As S “follows the monkey” (finding the path to the governor’s residence), it is here that he begins to truly understand himself. He finds the path of the monkey, but where does it lead him? Pfeifer. The enemy without has now become the enemy within one of S’s innermost circles at one point in his life. Has S, like Pfeifer, become the very man he set out to destroy? Has his quest for good led him to be just as evil as Vevoda – killing those that stand in his way? It seems so, because just as S decides to go ahead and kill Pfeifer, a shot rings out and kills a Magpie as he flees. The European Magpie, self-aware and colored black and white. Two players, two sides. One is light. One is dark. (Ok, that’s from LOST, but the same concept is at work here.) The monkey has led us to this deep, internal struggle between good and evil that exists deep in the unconscious of S – and of you and I.

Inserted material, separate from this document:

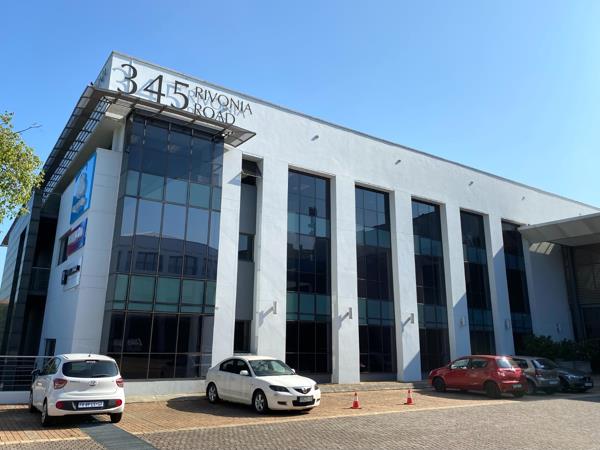 356 m² Commercial space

And finally, in the climax, we see that rather than kill a thousand people and murder Vevoda, S merely has the heir to the throne drink just enough avis veritatas (bird of truth) to be honest with himself and the crowd. Vevoda is left alive, and the monkey does overcomes evil with S‘s newfound truth: evil is drained of its power when S. ceases to fight it on its own terms. Do not overcome evil with evil, but overcome evil with good as the good book says.
In the end, when S has finally realized this truth and internalized it deep in his unconscious, he is finally able to see himself clearly. He finds the spyglass, underneath the sleeping monkey’s perch, and is able to see a new ship – reconstructed and ready to sail the high seas with Sola by his side.
Who is Sola? Well, that’s another post…
Mystimus
P.S. Jen Heyward makes a comment on p455, near the end…
See? This whole final sequence was hers from the monkey’s appearance on.
Eric and Jen are now apparently have the original VMS manuscript for Ship of Theseus. It appears FXC changed the ending from the monkey’s appearance on (Straka’s version gave Jen nightmares – p452). Meaning? That FXC was trying to convince VMS (if he was still alive) and his readers that there is a better way. We are all dying to know that Straka’s version is, I’m sure. But that is the point – which ending will we write in our own lives for similar struggles? What will we decide for ourSelves?